Hitler-Bush-Vergleich

Ministerin in Erklärungsnot

Däubler-Gmelin: „Ich habe nicht die Personen miteinander verglichen, sondern die Methoden.“

Däubler-Gmelin: „Ich habe nicht die Personen miteinander verglichen, sondern die Methoden.“

19. September 2002 Bundesjustizministerin Herta Däubler-Gmelin (SPD) gerät unmittelbar vor der Bundestagswahl wegen Äußerungen zur Irak-Politik der Vereinigten Staaten in Erklärungsnot. Sie hatte einem Zeitungsbericht zufolge die Angriffspläne von Präsident George W. Bush als Ablenkungsmanöver von innenpolitischen Problemen kritisiert, und ein solches Verfahren als „beliebte Methode seit Adolf Hitler“ bezeichnet.

Die Ministerin selbst wies den Vorwurf zurück. Bundeskanzler Gerhard Schröder (SPD) glaubte ihrer Stellungnahme. CSU und FDP forderten den sofortigen Rücktritt der SPD-Politikerin, die CDU eine Entschuldigung von Schröder gegenüber Bush. Das Weiße Haus wies den Vergleich als empörend zurück.

Ministerin spricht von „verzerrender Darstellung“

Däubler-Gmelin reagierte am Donnerstagnachmittag mit einer eigenen Stellungnahme, nachdem bereits ihr Sprecher den Bericht des „Schwäbischen Tagblatts“ als „verzerrende Darstellung“ zurückgewiesen hatte. Die Ministerin nannte es „abwegig und verleumderisch, mich in Zusammenhang mit einem Vergleich zwischen einem demokratisch gewählten Politiker und Nazigrößen zu bringen“. Der Redakteur der Zeitung beharrt indes auf seiner Darstellung.

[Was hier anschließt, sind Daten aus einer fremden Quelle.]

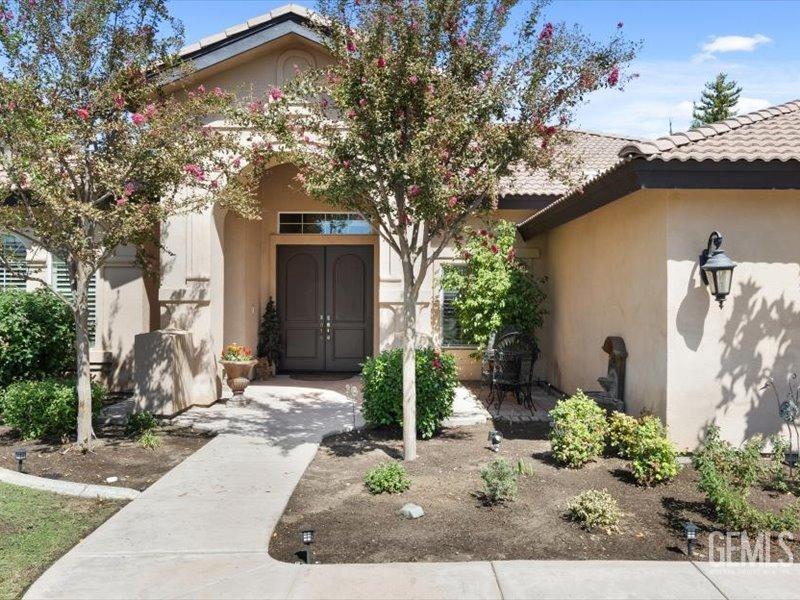 Undisclosed Address Bakersfield, CA 93314 - Photo 4 of 38 a view of a house with a yard
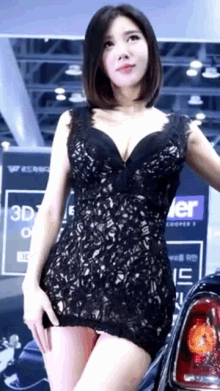 a woman in a black lace dress is standing in front of a sign that says 3d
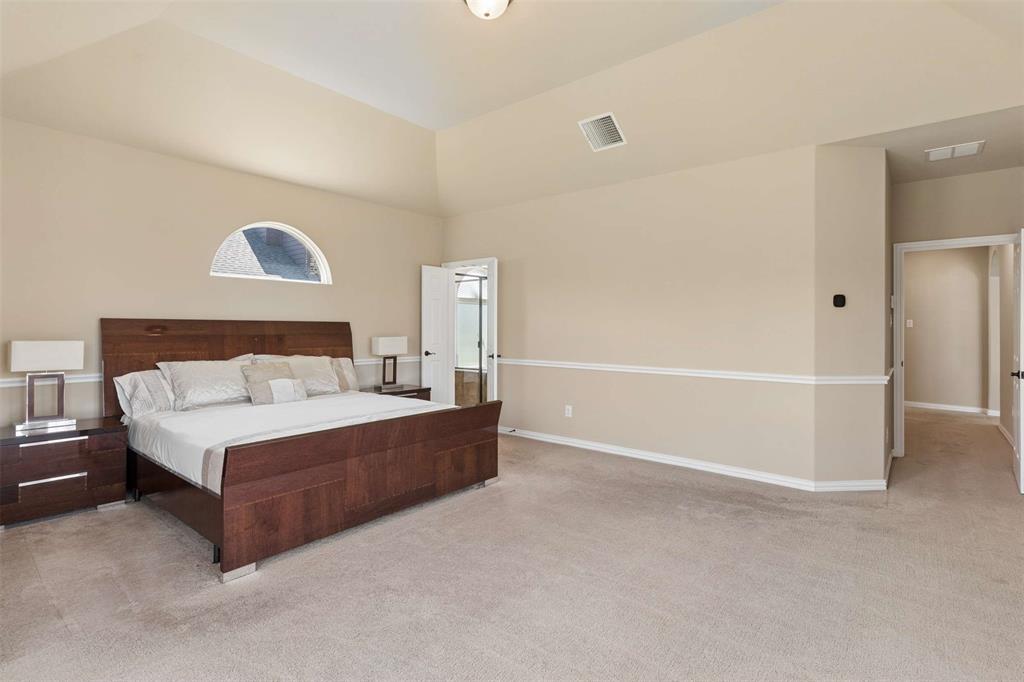 Bedroom featuring light carpet and vaulted ceiling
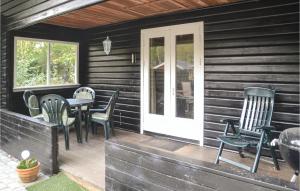 a porch with chairs and a table and a door at Two-Bedroom Holiday Home In Ansager in Ansager +9 photos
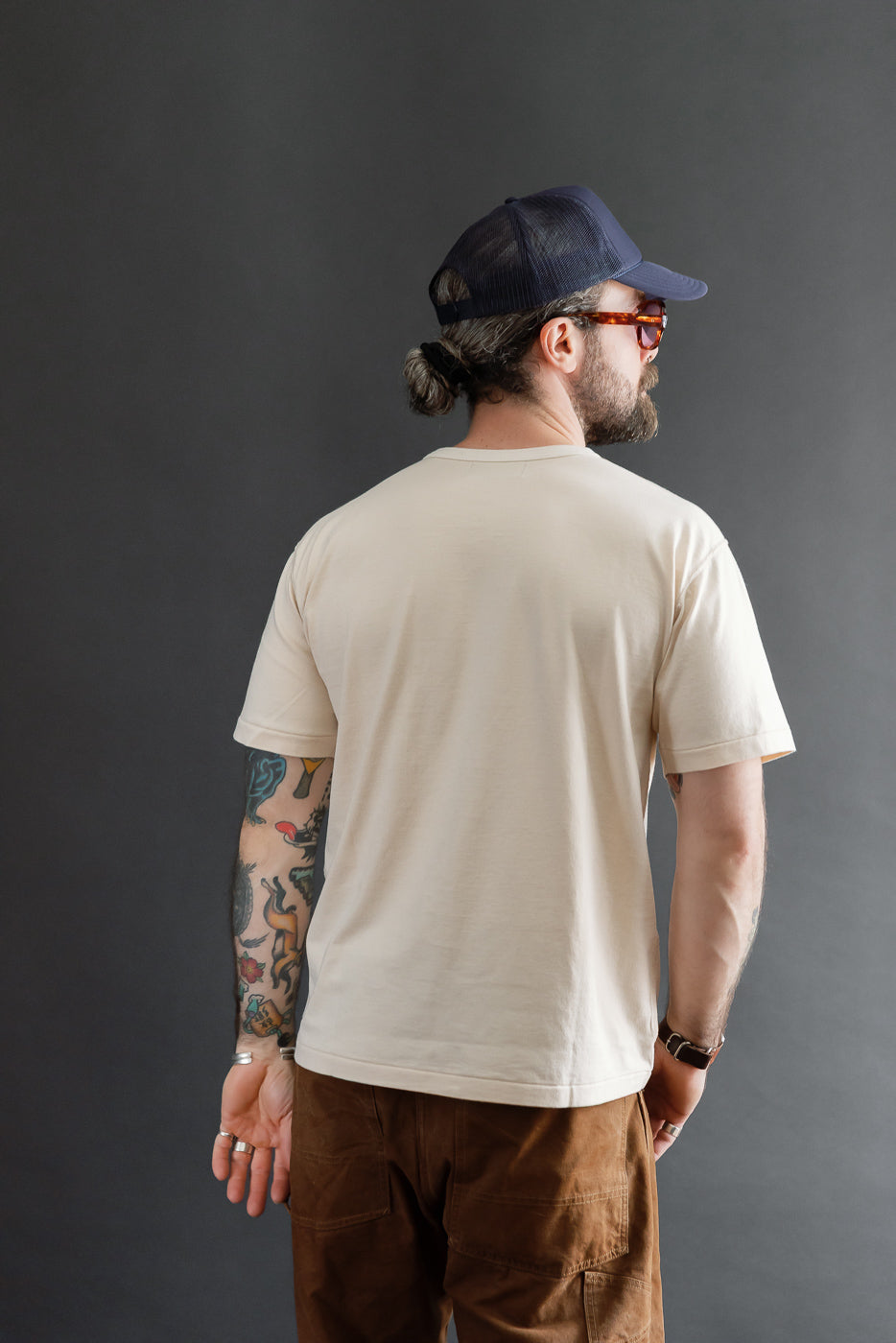 Back view of cream t-shirt on male model, 5'9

Sie habe immer wieder darauf hingewiesen, wie unzulässig und falsch ein solcher Zusammenhang sei. Dies stehe auch ausdrücklich in dem „im Übrigen wirren Artikel“. Sie fügte hinzu: „Ich würde es sehr bedauern, wenn diese Angelegenheit auch nur einen Schatten auf meine Achtung vor dem Präsidenten der Vereinigten Staaten werfen würde“.

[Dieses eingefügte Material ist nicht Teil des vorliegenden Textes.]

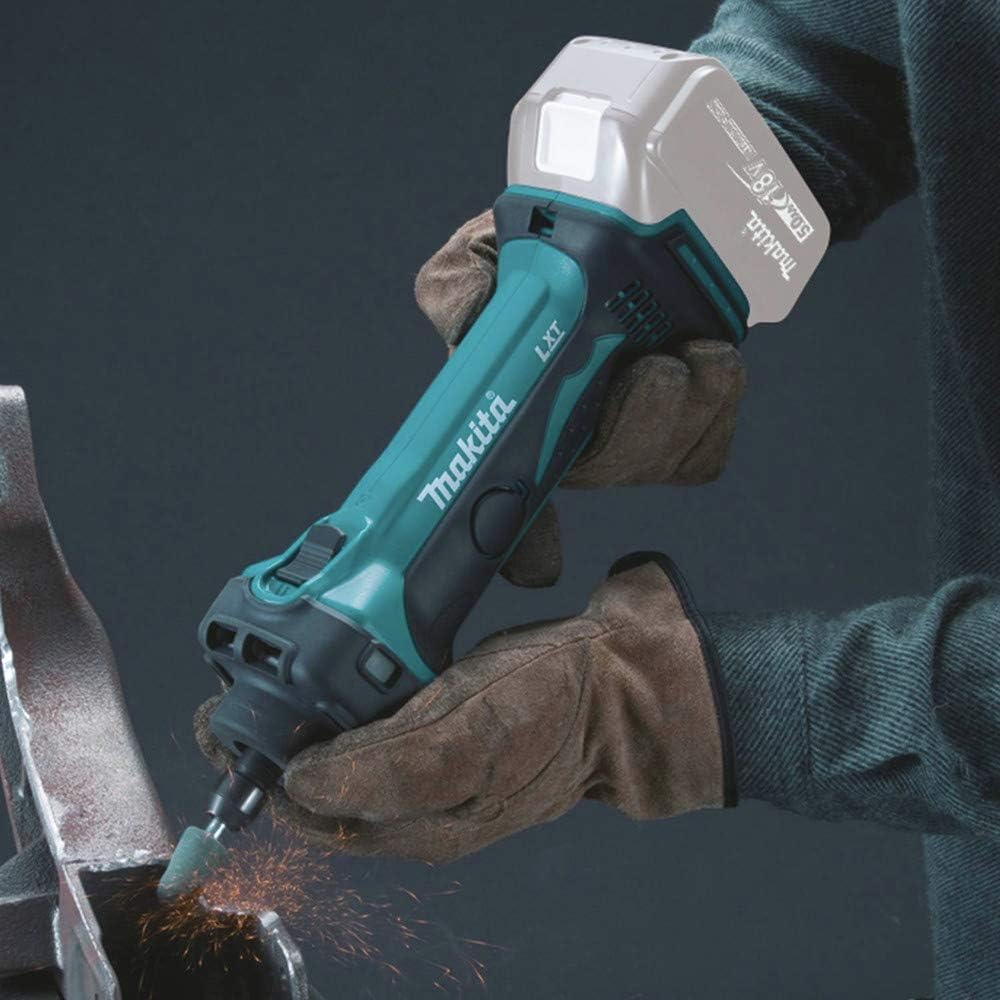 Metalworker holding the Makita XDG02Z die grinder with a mounted stone point to grind a steel weld joint inside a confined metal bracket.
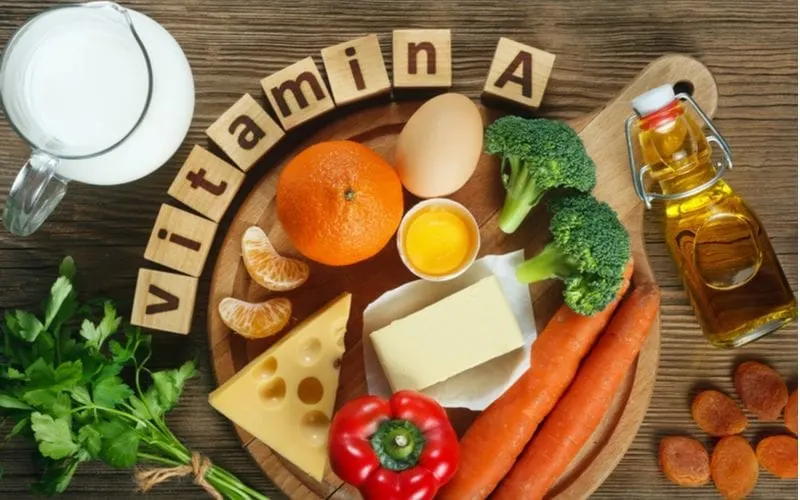 Lots of vitamins sitting on a wooden table for a piece on which vitamins are good for your hair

Weißes Haus nennt Vergleich empörend

Das Weiße Haus verurteilte den Vergleich zwischen der Politik von Bush und den Methoden Hitlers scharf. Dies sei empörend und unverständlich, sagte Präsidentensprecher Ari Fleischer am Donnerstag vor Journalisten in Washington.

Bundeskanzler Schröder sagte, wer den amerikanischen Präsidenten in die Nähe von Verbrechern stelle, hätte in seinem Kabinett keinen Platz. Die Ministerin habe die ihr zugeschriebenen Äußerungen ihrer eigenen Stellungnahme zufolge auch nicht gemacht. Er sei froh, dass das klar gestellt sei, sagte Schröder.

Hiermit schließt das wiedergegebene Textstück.